Recent contacts bad. Searching for the big idea behind the little Apple Watch By E. Kinetics: pretty puzzler without much grit By E. Gold: The secret shame of my late night iPhone order By E. Doing the math: Apple device pixels on parade By E. Hands on with Voice Dream's ebook narration By E.
HWS: Do you have any simple suggestions for folks who are thinking of joining in — is it perhaps a matter of just picking and choosing the proposals that interest you most?
Just filing a bug report is joining in, whether it is for a feature you want in the language or a performance issue or whatever. ES: I know many developers, for example, who refuse to file bug reports into Apple's "radar" system. You can see a bug's progress, comment on it, discuss it with the language maintainers. Yes, just pick and choose the proposals that interest you the most.
It's low volume and lets you know about review periods, acceptances, rejections, and returns for revisions. HWS: Looking at the list of changes for 4. What are the major areas where you think the language is still lacking? So yes, there's quite the rush going on.
From here out, what you'll see is more additions to other libraries like Foundation instead of the standard library. And there will be a lot of work under the hood to make the language more stable, faster to compile, and so forth. New proposals cannot break code.
And those changes must fix real problems, not theoretical ones. Swift Evolution is entirely a user-facing process. Anything that affects the way that users interact with the language must go through the Swift Evolution process. Currently, any language changes must be highly focused with limited impact.

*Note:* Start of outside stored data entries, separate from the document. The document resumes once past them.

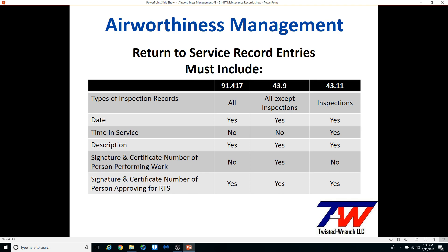I strongly recommend having the person approving the return to service print their name legibly in the record also. Time in service is only required for an inspection return-to-service entry, but I strongly recommend adding it to every return-to-service record. Part 43.9 allows for one person performing maintenance or alteration work and having another person inspecting and providing the return-to-service approval record.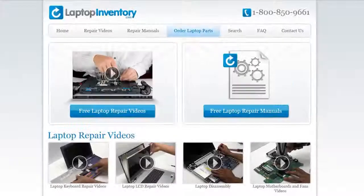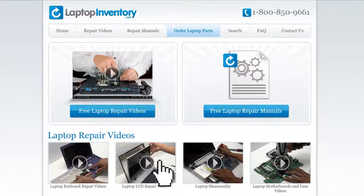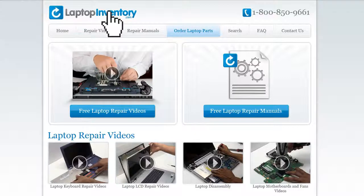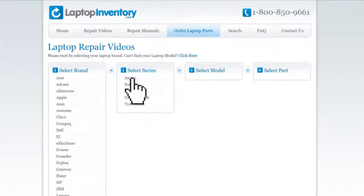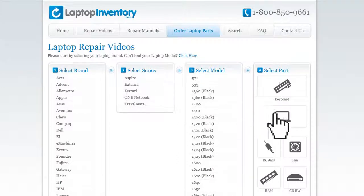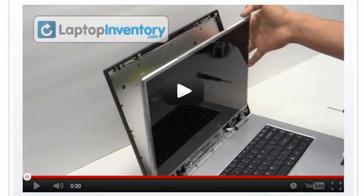At LaptopInventory.com, we have created a database with thousands of free laptop repair videos. Simply go to LaptopInventory.com, select your laptop brand, series and model, and find the exact repair video for your laptop.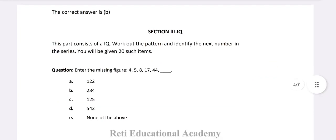Section 3 IQ: This part consists of IQ. Work out the pattern and identify the next number in the series. You will be given 10 such items. Question: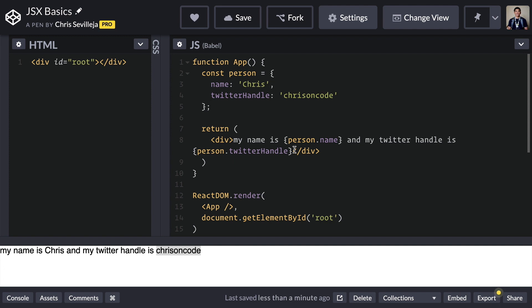If you're not sold on JSX just yet, give it a couple lessons. We have a few more lessons on JSX. Every React application you're going to work with is going to use JSX. Just give it a chance. And I think that you may find that it isn't as daunting as you originally thought it might have been.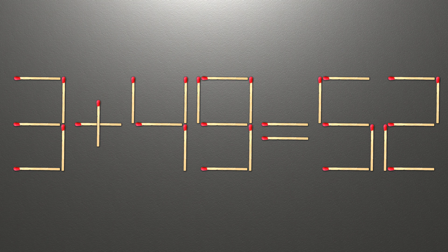Now, when we check the condition 3 plus 49 is 52 and 52 equals 52, now our equality is correct.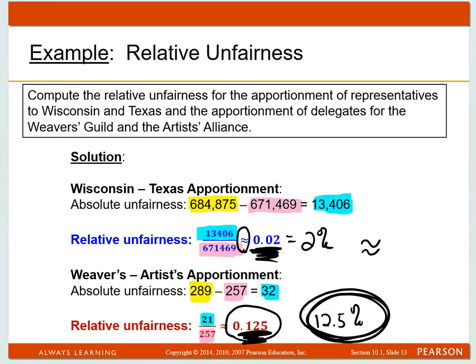My Math Lab just wants you to leave them in decimal form, so don't put percentages in there — it didn't ask for them — but that's really what you're saying. And that is relative unfairness. What I'm going to do now is start doing videos of each of the My Math Lab examples in separate videos, so that's the end of my lecture part.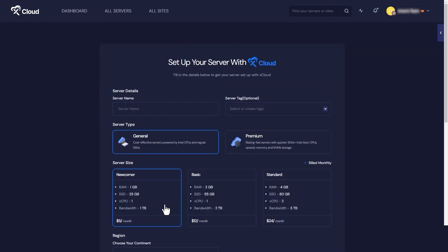You'll need to fill out some essential details. Let's start by selecting the server name, then choose the server types. If you want a cost-effective solution, go with General, and for faster speed and larger storage, you can select Premium.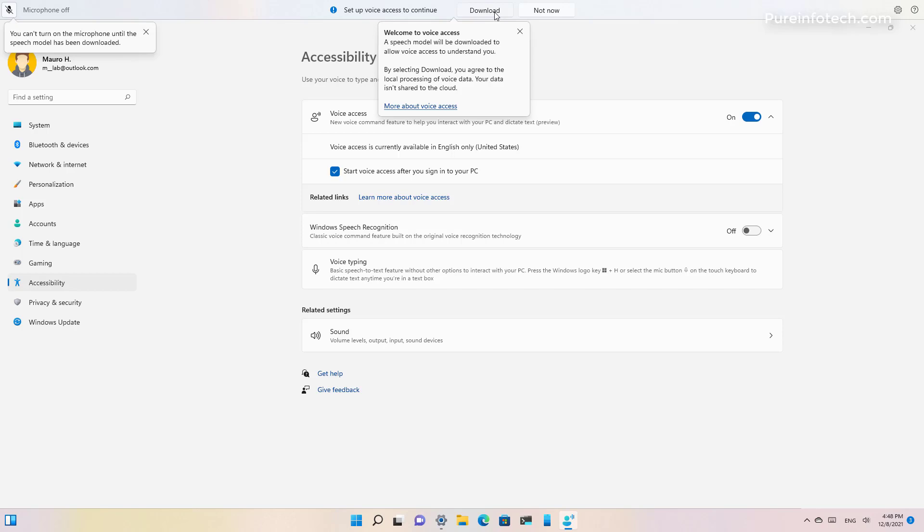When everything is configured you can simply say things like open edge or open word to open an app or switch to or close window and things like that to navigate the Windows experience just using your voice.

Their benefits, if accepted, must be measurable and real. Changes must fix real problems, not theoretical ones. So you can't add many 'good ideas' to the language. This is, of course, where I worried about toggle. The problem it fixes is real a mutating, functional way to toggle a boolean value in place but I wasn't sure at first that its impact was sufficient.
Finally, changes to the language must directly improve safety, speed, and expression. The toggle proposal fell into the last of these. ES: It certainly changed the way Swift Evolution did business, and it was pretty much down to me why they did this.

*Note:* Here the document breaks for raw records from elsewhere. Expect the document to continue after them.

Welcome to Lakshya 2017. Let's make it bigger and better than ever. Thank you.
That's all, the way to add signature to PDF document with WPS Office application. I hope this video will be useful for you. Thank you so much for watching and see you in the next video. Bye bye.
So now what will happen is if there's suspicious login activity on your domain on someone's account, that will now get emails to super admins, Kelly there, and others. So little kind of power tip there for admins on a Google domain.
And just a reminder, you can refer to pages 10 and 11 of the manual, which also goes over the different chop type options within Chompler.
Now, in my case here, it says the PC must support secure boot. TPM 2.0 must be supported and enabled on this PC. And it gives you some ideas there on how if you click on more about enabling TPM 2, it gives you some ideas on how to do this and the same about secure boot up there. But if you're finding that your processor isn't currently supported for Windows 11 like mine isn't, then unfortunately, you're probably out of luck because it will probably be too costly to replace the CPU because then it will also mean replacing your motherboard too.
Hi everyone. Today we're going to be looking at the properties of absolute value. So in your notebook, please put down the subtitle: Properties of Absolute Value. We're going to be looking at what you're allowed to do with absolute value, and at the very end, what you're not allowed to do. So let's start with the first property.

The proposal extend Self to classes the way it works in Objective-C, where Self is the type and self is the current instance. As of right now, no one has been able to make that work. The rule that was introduced ensures that proposal are not just real problems, they are ones that are solvable. You need an implementation, which allows designs to be tweaked and road-tested,. ES: It is. And I am slowly learning both. I feel it is important to be able to contribute at a code level not just ideas and write-ups.

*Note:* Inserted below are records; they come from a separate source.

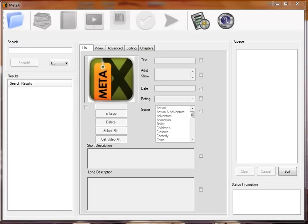MetaX is a program that greatly simplifies the process of tagging your movie files with information that will allow them to display in your media player, iTunes, Apple TV, Front Row.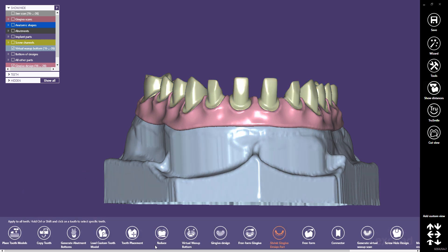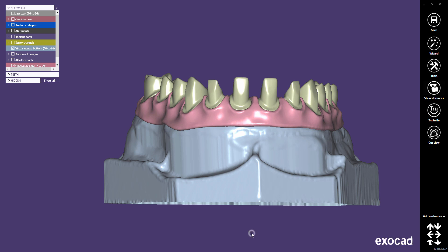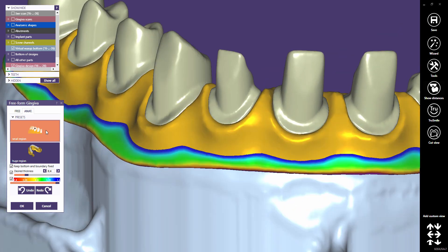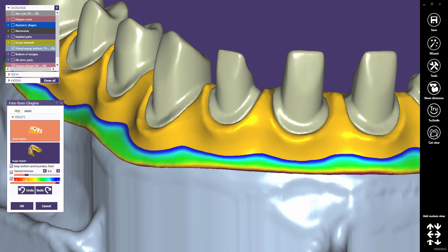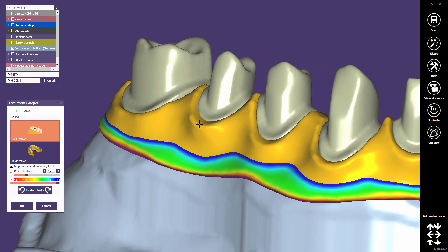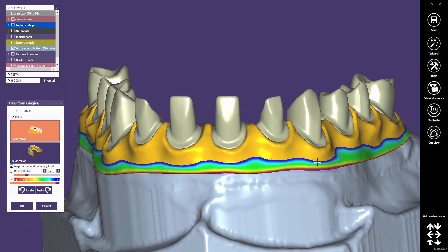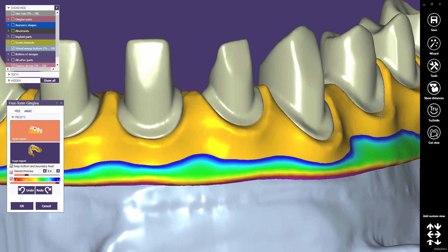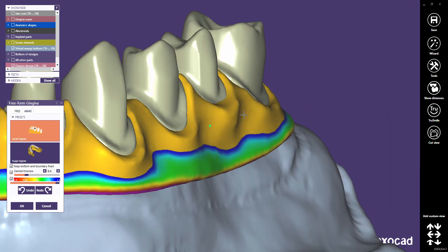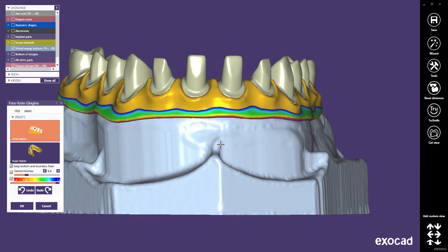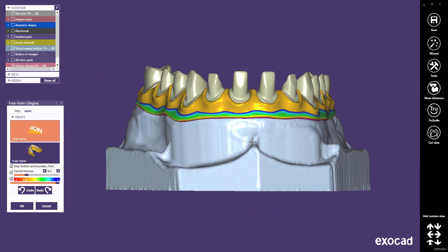Stay in Expert mode and choose Free-form Gingiva. Try to avoid overlapping the gingiva and thimble crown borders. Click OK to close this dialog.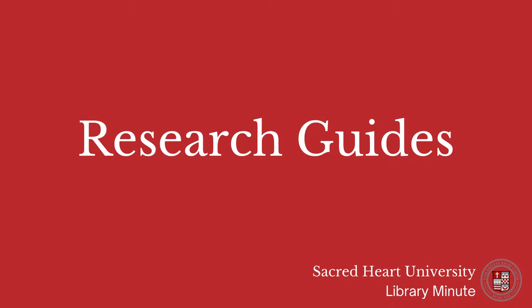In this short video, you will learn about Sacred Heart University Library's research guides.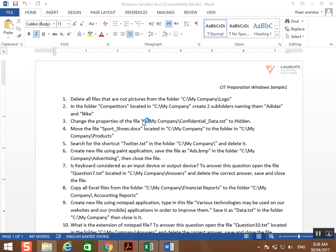This is sample one for the Windows CIT exam. First question: delete all the files that are not pictures from the folder C:\My Company\logo.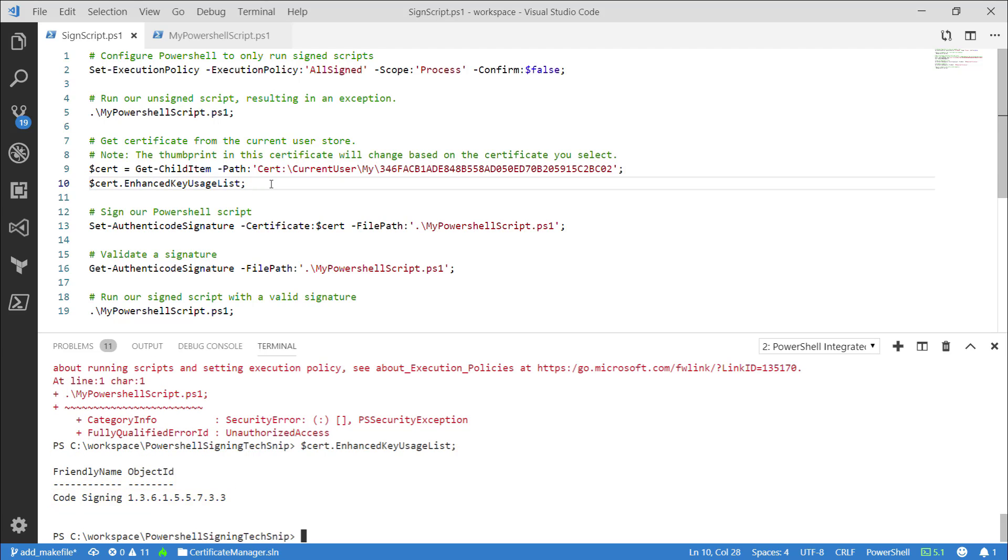Using our certificate, I will use the Set-AuthenticodeSignature commandlet and pass the certificate and the path to the script to this commandlet.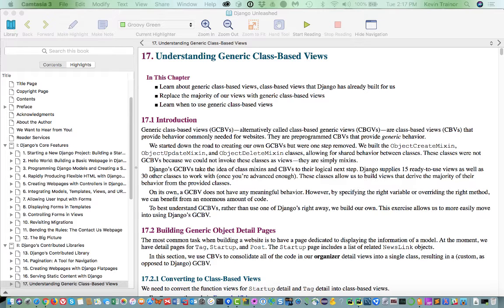Hi, this is Kevin Trainor. Welcome to my briefing for chapter 17 of the Pinkham book, Django Unleashed, and chapter 17 is called Understanding Generic Class-Based Views.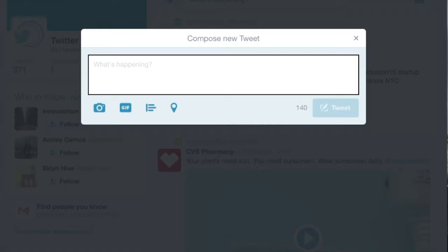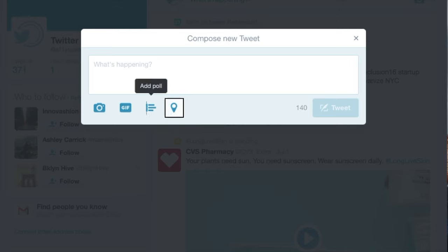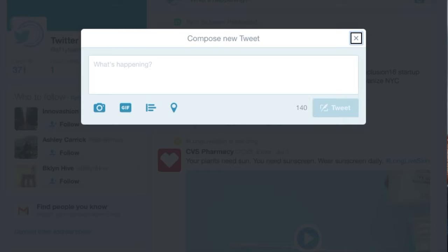Compose new tweet with two items. Alert dialogue. Who's in this photo? Add photos or video. Add location button 140, tweet dimmed, close button.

ES: That is actually not a problem at all. The people on the swift-dev side of the house are amazingly supportive, especially of beginners. They even publish "starter bugs" for people who want to become more active in language development. It's also an extremely good way to get a job at Apple, should you follow that path.
ES: I mean this seriously when I say the entire Swift-Dev community is filled with love, unicorns, happiness, and lollipops. Swift Evolution tends to be a little bit more thorny but also full of wonderful people.
They're just crankier unicorns and pickier lollipops. What do you think truly idiomatic Swift looks like, if such a thing can even really exist this early in a language? ES: I honestly think that Swift looks a lot like nearly every other modern language.
They're all kind of converging right now. Feature by feature, you talk to people, and they'll point out correspondences in 2, 3, or even more languages. Swift benefits by trailing slightly and learning important lessons. Issues with protocol extensions may have already been hashed out in C.
Or you might have already seen raw strings in Python. Following on makes it easier to accommodate already road-tested ideas and enhance development. I know that I personally want method cascades like you get in Dart.
A method cascade avoids those blocky setup columns of doom, making it clear that you're establishing a single object's properties outside of initializers. ES: It really depends on how recently I've been in that or another language. Start Reading. Sign up now Website. Add a rating for this content Sign in to add a rating. All videos. All books. One low price. Learn more. Mark Complete Clear Progress. Even though Marco began his career at Tumblr, he is mostly known for Instapaper and Overcast.
Aaron is a veteran in the Cocoa community. He founded Big Nerd Ranch fifteen years ago and has written severals books about Cocoa development. On the interwebs, Natasha is better known as Natasha The Robot.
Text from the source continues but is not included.